Researchers at the US Naval Academy and the University of Maryland Baltimore County looked into the phenomenon of ‘shoulder surfing’, where crooks watch smartphone users unlock their devices from a short distance, to see the code. Armed with this information, criminals who get hold of the devices can then access the data contained therein without difficulty or even any technical nous.

The study involved showing 1,173 people videos of smartphone users unlocking their devices from a distance of between 1.5 and 1.8 metres. Each video was shown twice and the participants were asked to replicate what they had seen after each showing.

Unlock patterns were found to be the least secure of all common options – and were correctly guessed by 60% of participants after they’d been shown it once. This number rose to 80% after a second showing.

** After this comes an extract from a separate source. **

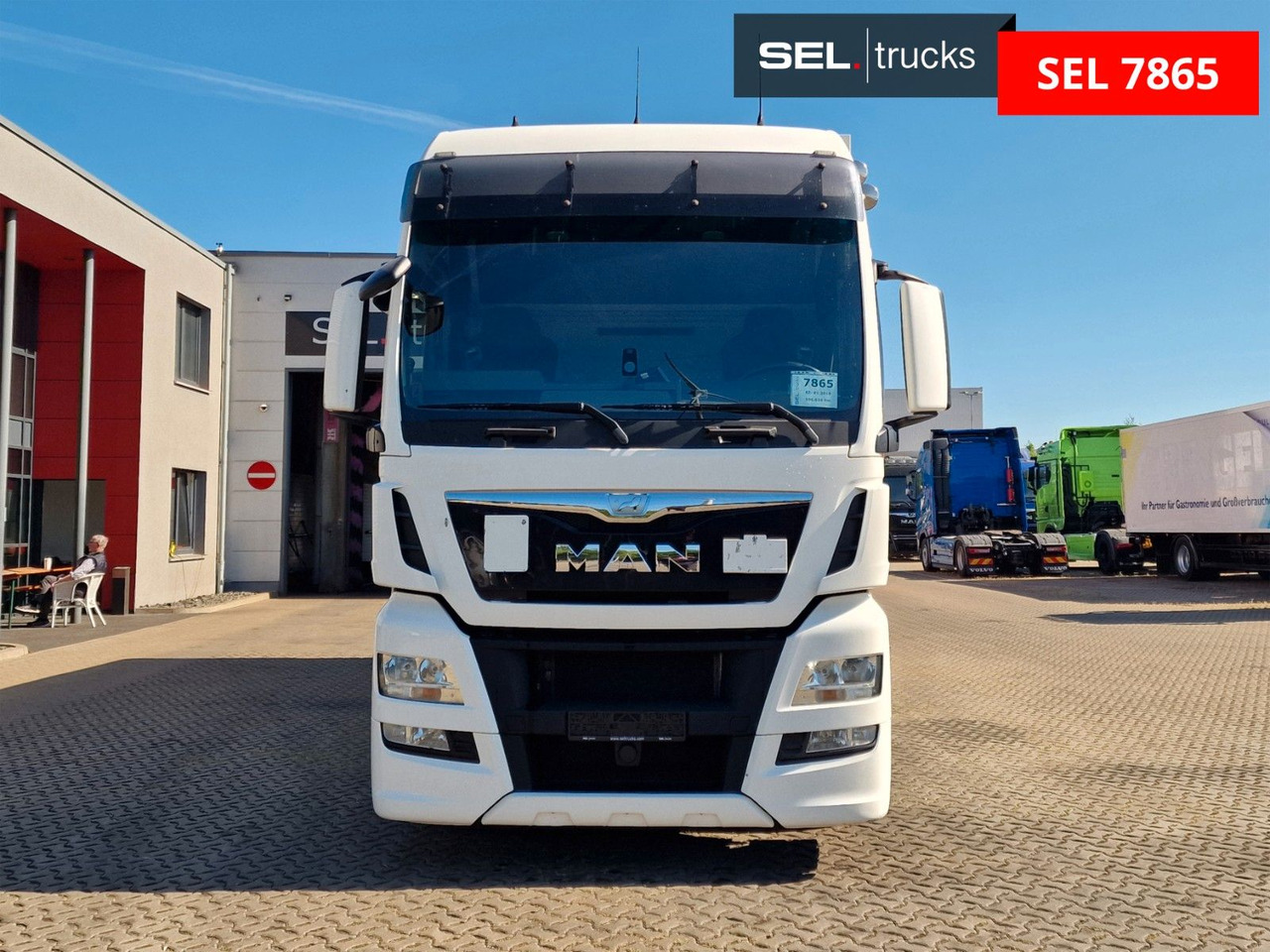 MAN TGX 24.400 6X2-2 LL-U / Intarder / Ldbw / Konvek - Box truck: picture 2 MAN TGX 24.400 6X2-2 LL-U / Intarder / Ldbw / Konvek - Box truck: picture 2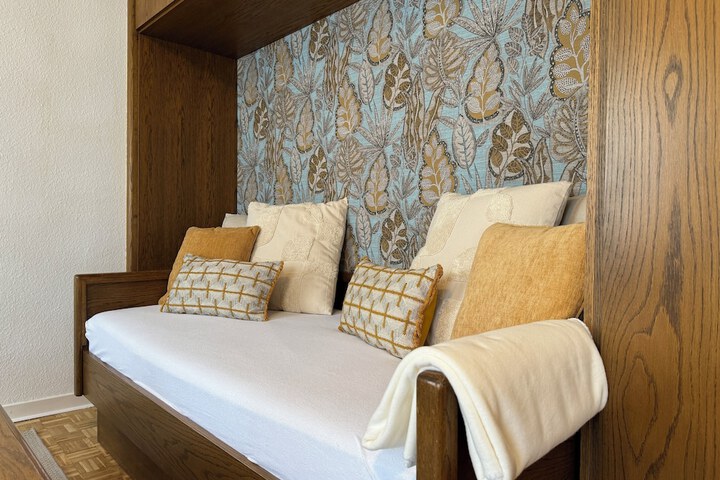 Room 45 of 128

Elsewhere, six-digit pins were replicated in just 11% of cases after the first viewing, and 27% after the second.

Of course, fingerprint and facial recognition protects against this sort of attack.

Researchers put the pattern’s ineffectiveness down to human ability to process and remember patterns much easier than strings of numbers. The shape is also much easier to see from a distance.

Choose longer PINs for greater security

Rather unsurprisingly, the researchers also found that longer passcodes are more effective, for both patterns and PINs. The report said: “PINs are the most secure [against] shoulder surfing attacks, and while both types of pattern input are poor, patterns without lines provide greater security. The length of the input also has an impact; longer authentication is more secure.”

Device owners who are worried about their security should change how their device unlocks under ‘Settings’. This allows users not just to stipulate how they want to unlock the device but how long each string of numbers or characters should be. There’s also the ‘erase data’ setting, which sets the device to “self-destruct” and restore everything to factory settings if an incorrect PIN is entered 10 times.